■ **Your instructions**: Nothing but the pictures gets dropped; retype every entry exactly.

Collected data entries
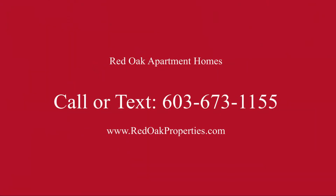We're located just seconds from the intersection of Routes 101 and 101A. If you'd like more information about us, you can give us a call or text our office at 603-673-1155, or check us out online at redoakproperties.com.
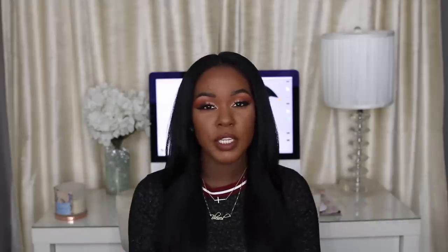They always have a sale — I think it's 15 or 20% off. These bottles are originally around $25-30, and I got them for $14.99 each, so that's a really good deal for the big bottles. I always wash my hair at the sink, whether I'm wearing my hair curly or straight.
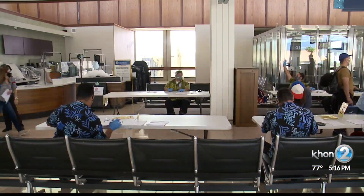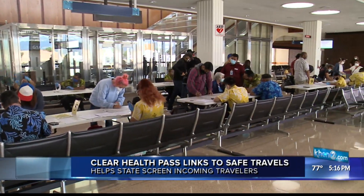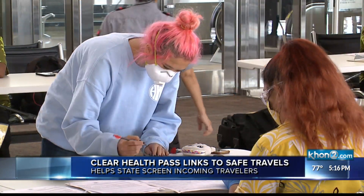The company that runs the Clear Health Pass at airports on the mainland is partnered with the state to help screen inbound travelers for the Hawaii Safe Travels program. Beginning tomorrow, travelers on select flights to Honolulu can enroll and use the Clear Health Pass to link their negative COVID-19 test results at boarding.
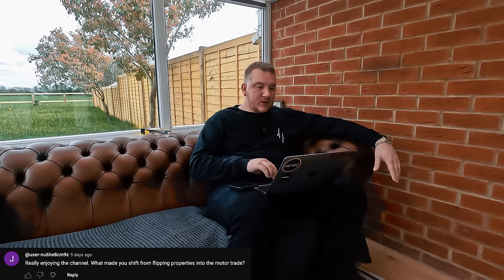What made you shift from flipping properties into the motor trade? I wouldn't say I necessarily flipped properties as an investor or developer. I just knew buying a house that needed work, doing it up while you lived in it, then selling it — there's no capital gains tax, it's all tax-free money. Why did I stop? I hate living in a building site, it takes a lot out of you, and everyone wants to be a property developer these days, so the real deals just aren't there anymore.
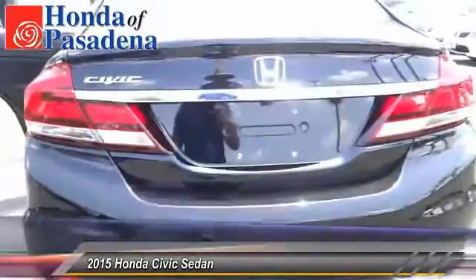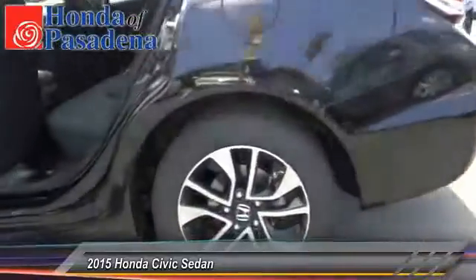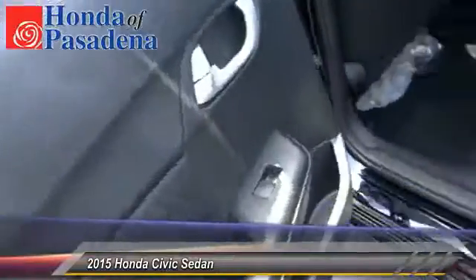Security system, tilt steering wheel, telescopic steering wheel. Searching for a dependable vehicle that looks great too? You found it — so come in today.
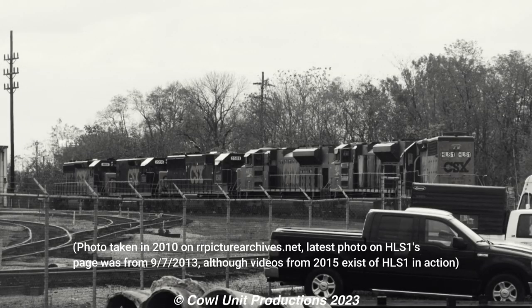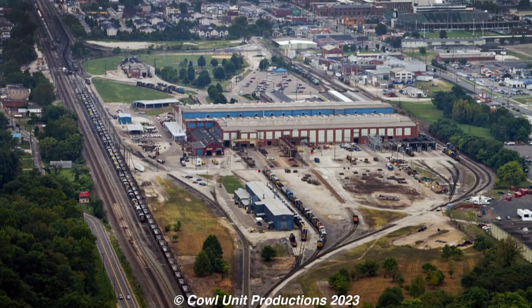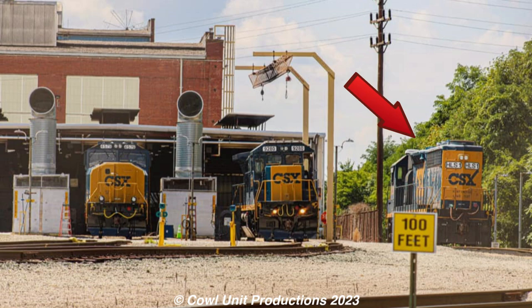Presumably. Recent photos — very few, at least — suggest that HLS-1 had been sitting around Huntington for many years, and likely doesn't serve its purpose that often, seeing as Huntington seems to be more of a storage place for locomotives compared to a rebuilding place. However, recent images show that HLS-1 still is on CSX property, clearly present, but whether she still does load testing is unknown.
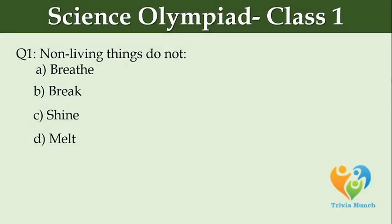What do non-living things NOT do? Option A: breathe, Option B: break, Option C: shine, Option D: melt.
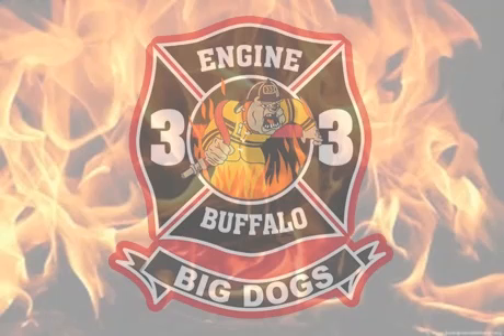Dispatch, Engine 33 on location. We have a 2-story wood frame, fire showing from the number 1 side. Stretching a 3-quarter line. Roger, Engine 33 on location, 2-story wood frame, fire showing from the number 1 side. 3-quarter line is in. Engine 33, be advised there's a hydrant in front of 47 Girard.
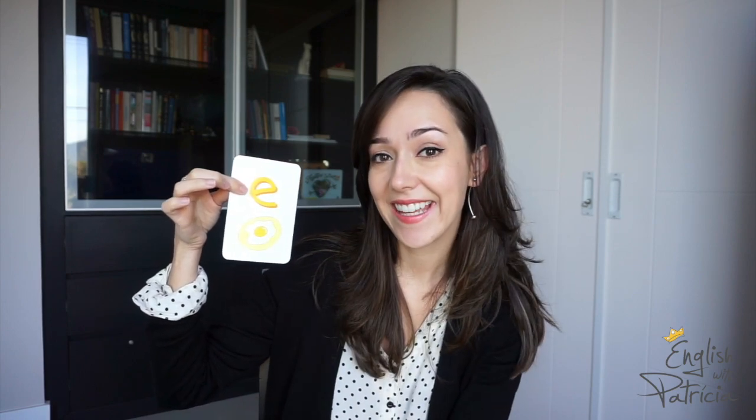The sound is 'e.' Egg! This is super confusing for us Brazilians — the actual name of the vowel is E, but the sound is 'e.' Egg, elephant!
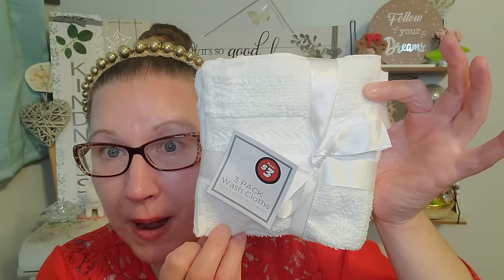I do have one item that's $3 a piece — I will show you that first. And then every other item in this haul is $1.25 a piece. So let's get to shopping, my beautiful friends. I did pick up this wonderful package of white face cloths for my mom.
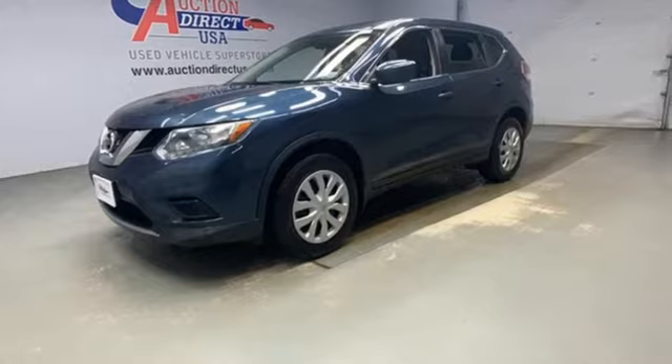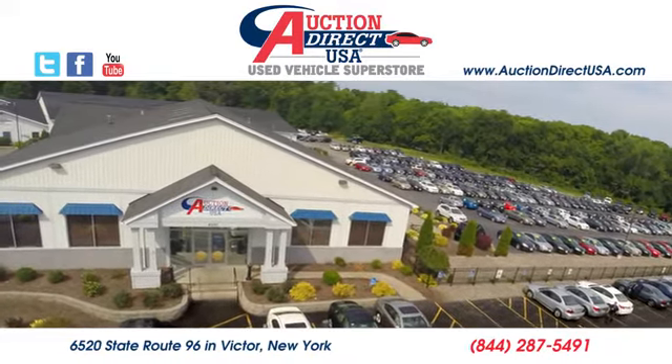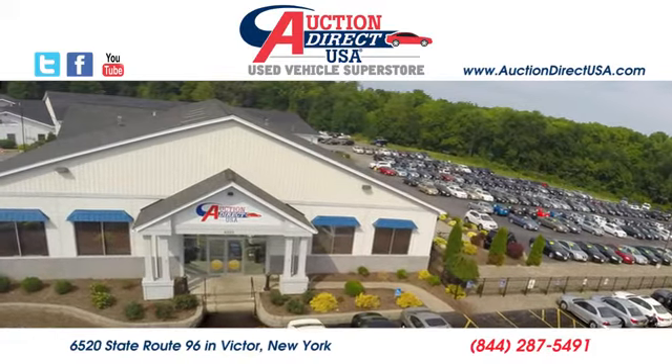Hurry in today and see it for yourself. Visit today. We are conveniently located at 6520 State Route 96 in Victor, New York.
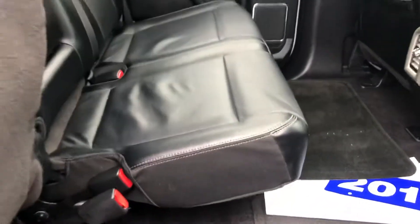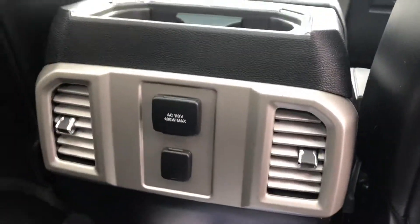Back here, the seats do fold up for extra space if you need it. You have plug-ins in the back for your back passenger.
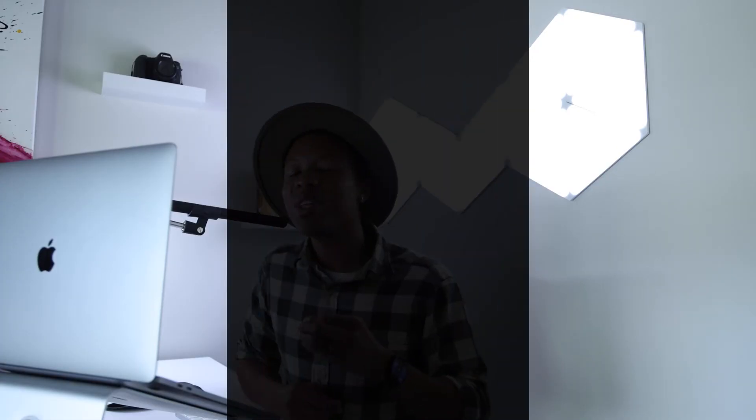Lastly, Remitly's hand-stitched logging solution was extremely complex, and with that complexity also came slow resolution times when the platform would fail. Their homegrown ELK stack consisted of so many dependencies that valuable engineering resources would be exhausted, limiting the amount of time they could spend addressing more strategic initiatives. Brandon says that with Humio, we get out of the log maintenance business, and when we do run into issues, Humio comes back with an answer or a resolution within one business day.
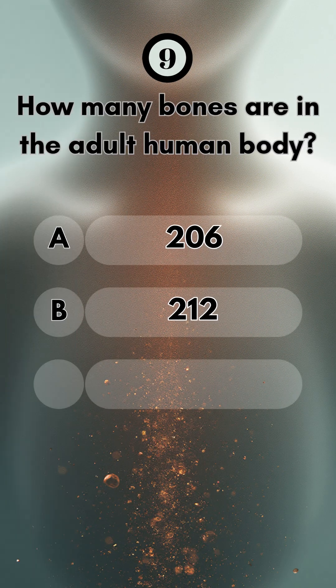Number nine, how many bones are in the adult human body? Surprisingly, 206 bones.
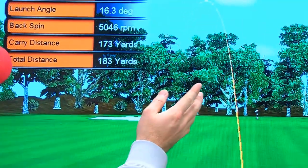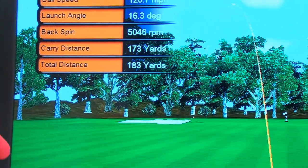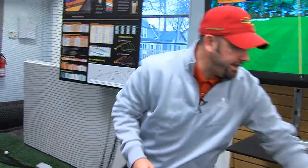All right, so I definitely hit a bad shot — I pulled it — but my carry distance went 173 yards. Now we'll grab the Rocket Blades and compare that to my shot.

■ **Your response**:
We're located just seconds from the intersection of Routes 101 and 101A. If you'd like more information about us, you can give us a call or text our office at 603-673-1155, or check us out online at redoakproperties.com.
They always have a sale — I think it's 15 or 20% off. These bottles are originally around $25-30, and I got them for $14.99 each, so that's a really good deal for the big bottles. I always wash my hair at the sink, whether I'm wearing my hair curly or straight.
The company that runs the Clear Health Pass at airports on the mainland is partnered with the state to help screen inbound travelers for the Hawaii Safe Travels program. Beginning tomorrow, travelers on select flights to Honolulu can enroll and use the Clear Health Pass to link their negative COVID-19 test results at boarding.
What made you shift from flipping properties into the motor trade? I wouldn't say I necessarily flipped properties as an investor or developer. I just knew buying a house that needed work, doing it up while you lived in it, then selling it — there's no capital gains tax, it's all tax-free money. Why did I stop? I hate living in a building site, it takes a lot out of you, and everyone wants to be a property developer these days, so the real deals just aren't there anymore.
Security system, tilt steering wheel, telescopic steering wheel. Searching for a dependable vehicle that looks great too? You found it — so come in today.
Presumably. Recent photos — very few, at least — suggest that HLS-1 had been sitting around Huntington for many years, and likely doesn't serve its purpose that often, seeing as Huntington seems to be more of a storage place for locomotives compared to a rebuilding place. However, recent images show that HLS-1 still is on CSX property, clearly present, but whether she still does load testing is unknown.
What do non-living things NOT do? Option A: breathe, Option B: break, Option C: shine, Option D: melt.
Dispatch, Engine 33 on location. We have a 2-story wood frame, fire showing from the number 1 side. Stretching a 3-quarter line. Roger, Engine 33 on location, 2-story wood frame, fire showing from the number 1 side. 3-quarter line is in. Engine 33, be advised there's a hydrant in front of 47 Girard.
The sound is 'e.' Egg! This is super confusing for us Brazilians — the actual name of the vowel is E, but the sound is 'e.' Egg, elephant!
I do have one item that's $3 a piece — I will show you that first. And then every other item in this haul is $1.25 a piece. So let's get to shopping, my beautiful friends. I did pick up this wonderful package of white face cloths for my mom.
Hurry in today and see it for yourself. Visit today. We are conveniently located at 6520 State Route 96 in Victor, New York.
Back here, the seats do fold up for extra space if you need it. You have plug-ins in the back for your back passenger.
Lastly, Remitly's hand-stitched logging solution was extremely complex, and with that complexity also came slow resolution times when the platform would fail. Their homegrown ELK stack consisted of so many dependencies that valuable engineering resources would be exhausted, limiting the amount of time they could spend addressing more strategic initiatives. Brandon says that with Humio, we get out of the log maintenance business, and when we do run into issues, Humio comes back with an answer or a resolution within one business day.
Number nine, how many bones are in the adult human body? Surprisingly, 206 bones.
All right, so I definitely hit a bad shot — I pulled it — but my carry distance went 173 yards. Now we'll grab the Rocket Blades and compare that to my shot.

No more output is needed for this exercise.